Mexique, 17/12/2008
La nuit va bientôt tomber, Mon
compteur indique 65 kilomètres pour aujourd’hui. Ce n’est pas énorme mais le vent
de face qui a soufflé toute la journée y est pour quelque chose.
Après une série de petits virages dans une
sorte de canyon, je sors de la route et décide de pousser le vélo jusqu’au sommet d’une colline, afin de
trouver un coin plat pour poser la tente. Le vent est tombé il y a environ une
heure et sous le poids de mes 70kg de bagages (vélo inclus) je transpire à
grosses gouttes. Après être enfin arrivé au sommet,
j’aperçois en contre bas sur
ma droite un barrage de contrôle militaire que je n’avais pas vu depuis la route.
Ma position en surplomb de leur camp est bien trop stratégique pour que je
puisse camper ici. Toute cette peine pour rien… je râle, je maudis les militaires. C’est de
votre faute! Ma chemise est trempée, j’ suis crevé et j’ crève la dalle! Le
soleil s’ fait de plus en plus bas et faut encore rejoindre c’ te route pour
essayer d’ trouver un foutu endroit pour passer la nuit !!
Au barrage, je passe en trombe devant les
militaires. Ils sont en train de fouiller un camion et ils ne m’accordent qu’un bref
regard (j’en suis presque déçu).
A une dizaine de kilomètres du barrage, je bifurque
à gauche sur une piste sablonneuse en direction des montagnes. M’éloignant suffisamment
de la route pour que les camions ressemblent à des petites souris, moi, je
dois être aussi gros qu’une fourmi. Je suis invisible.
Puis pour disparaître
totalement, je sors de la piste et pousse mon vélo au milieu des cactus en
faisant bien attention de ne pas rouler sur l’un d'eux. Rien de pire que de se
réveiller le matin avec un pneu crevé. Trop concentré sur mes chambres à air, je
ne sais comment, par le grand miracle de la nature, une tête de cactus vient se loger, juste derrière le genou. La douleur est intense. Je ne crie pas. Je ne
jure pas. Je fais tranquillement quelques pas supplémentaires comme pour
m’écarter d’une vipère qui m’aurait déjà mordu. Constat des dégâts : les
épines sont encrées profondément sous la peau, elles sont du type hameçons de pêche
donc très dures à retirer. Je serre les dents et tire d’un coup sec sur le
cactus. La moitié des épines reste dans la chair, et il me faut les retirer à
présent une à une.
Enfin je trouve un petit endroit
sableux plat et sans cactus. Juste le temps de planter la dernière sardine le
soleil passe derrière l’horizon. Le ciel est très rouge et le vent se lève d’où
l’astre vient de disparaître. Tout indique qu’il va pleuvoir cette nuit. Je
renforce donc la mise en place de la tente et me prépare pour la pluie.
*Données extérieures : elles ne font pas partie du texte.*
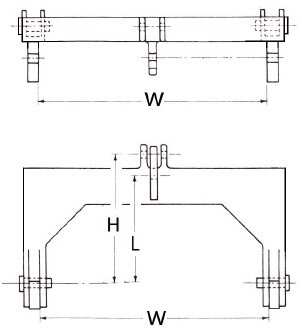 CAT 1 2 3 Quick Hitch 3 Point Category Tractor Lift Arm Harness Agriculture Parts Narrow Tilt Bushing Attachments Hydraulic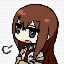 Dendrobium_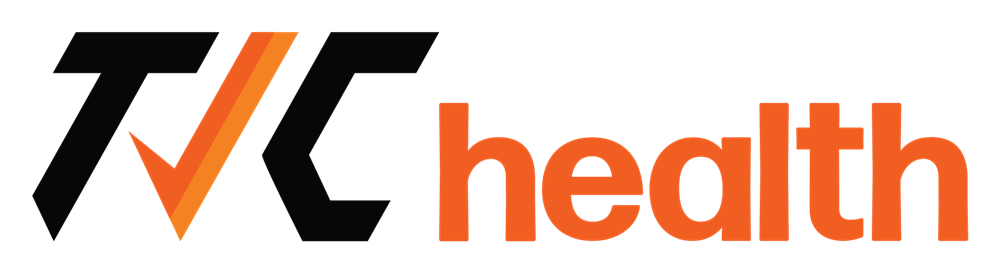 TIC Health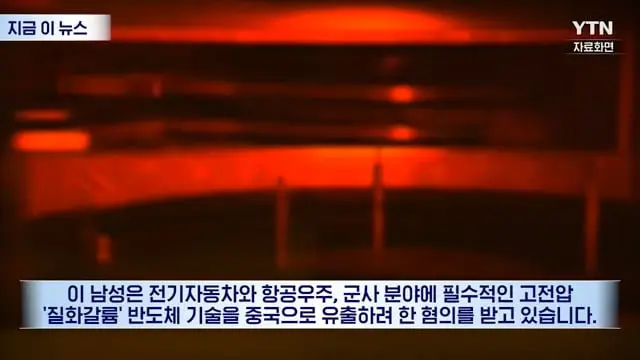 20260908131246_pDrmUrS6iv.png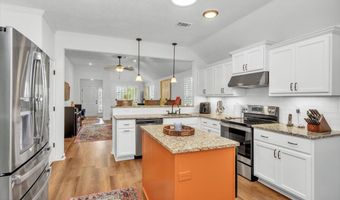 1223 Belgrove Dr, Augusta, GA 30909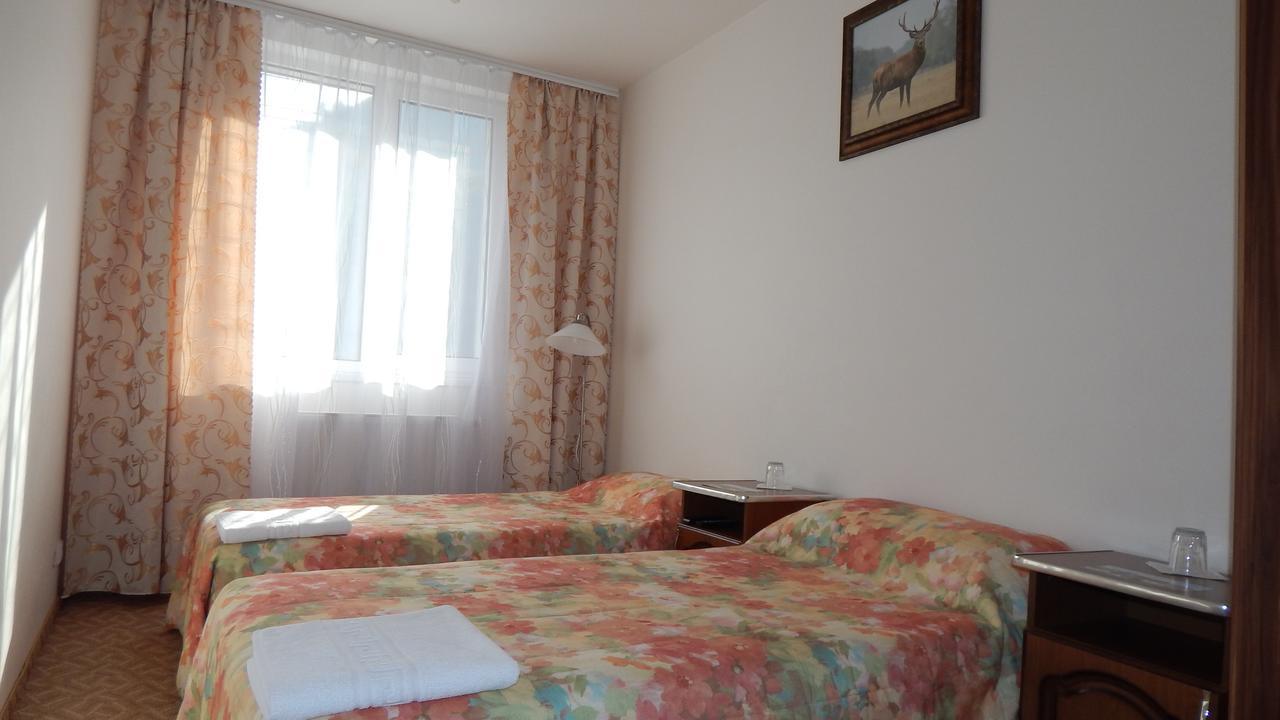 Prezident Dilove Quarto foto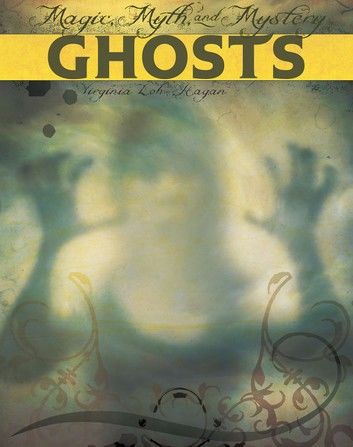 Ghosts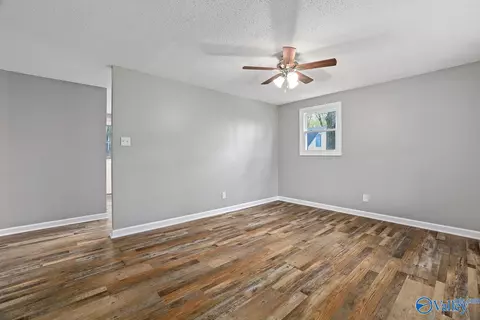 2838 County Road 316, Trinity, AL 35673 photo 7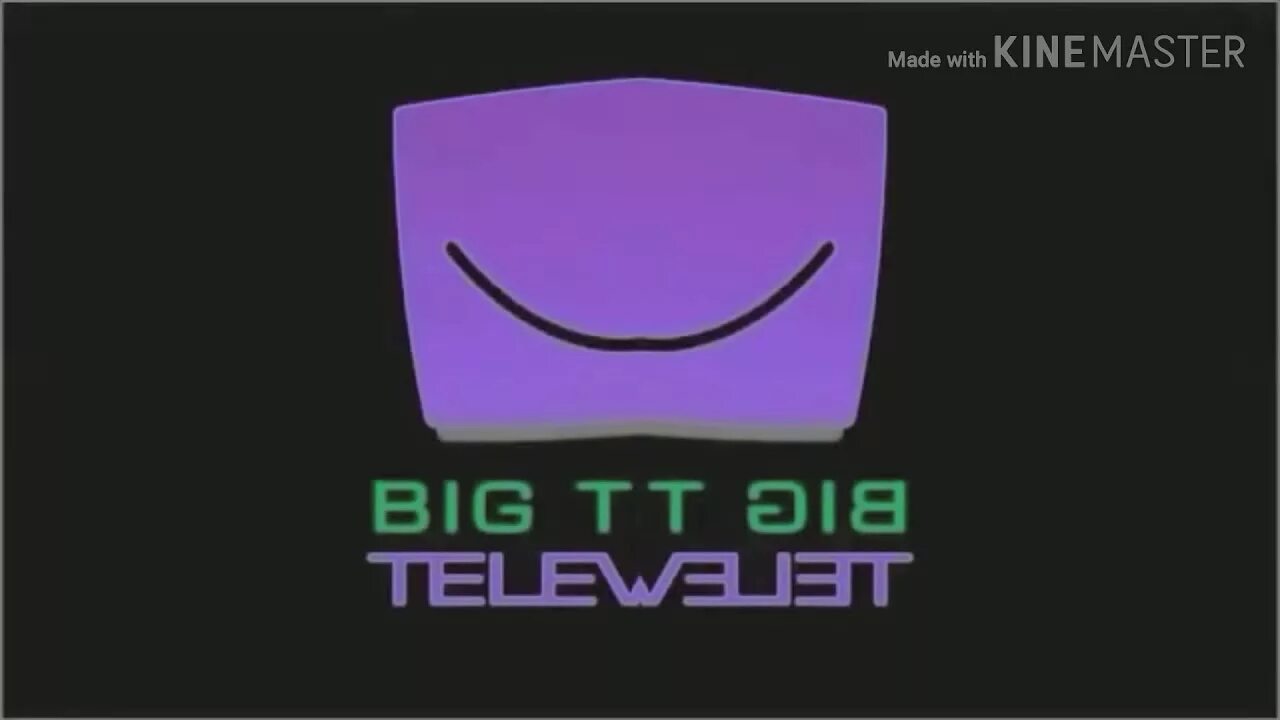 Preview 2b. G major 4. bfdi sponsored by preview 2 effects. preview 2z effects. preview 2.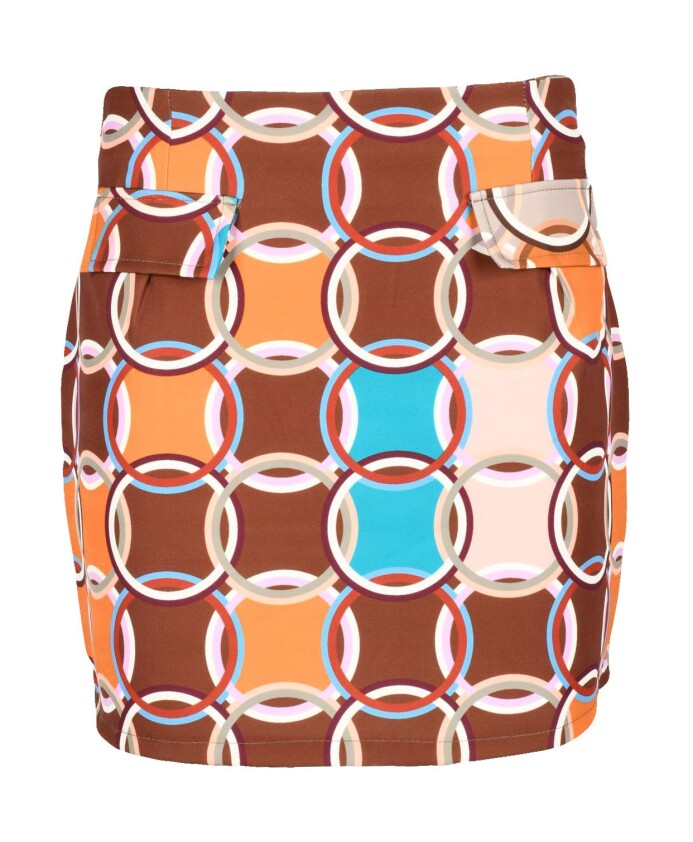 jupe-elegante-en-polyester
Au menu de ce soir un grand classique : pâtes à la sauce
tomate, épaissie avec un restant de lait en poudre. Finalement repu et
détendu, je m’allume une clope et prend mon bouquin. Je me plonge dans un univers
qui me sort du mien. Un livre de Colette, parlant d’une femme
« légère » de 49 ans et de son amant de 19. Je me sens à des années
lumière du désert Mexicain, mais me rapproche d’un autre désert; celui de mon
affectif… Soudain, les détonations répétées d’un fusil mitrailleur me font
revenir à la réalité. Par réflexe j’éteins ma lampe frontale. Noir absolu. Analyse
de situation : les coups de feu paraissent trop éloignés pour que je m’en
inquiète vraiment. Ce doit être les militaires qui fêtent leur fin de journée
en déchargeant leur lassitude à coup de kalachnikov. Peut être tirent-ils sur
des canettes de bière qu’ils viennent de descendre ? Je rallume la
lampe, reprend la lecture.
Il pleut violement maintenant, la mitraille est remplacée par
le martèlement des grosses gouttes sur la toile de tente.
Je m’endors.
Extrait du carnet de voyage de Chris, un tour du monde à vélo de 2003 à 2009.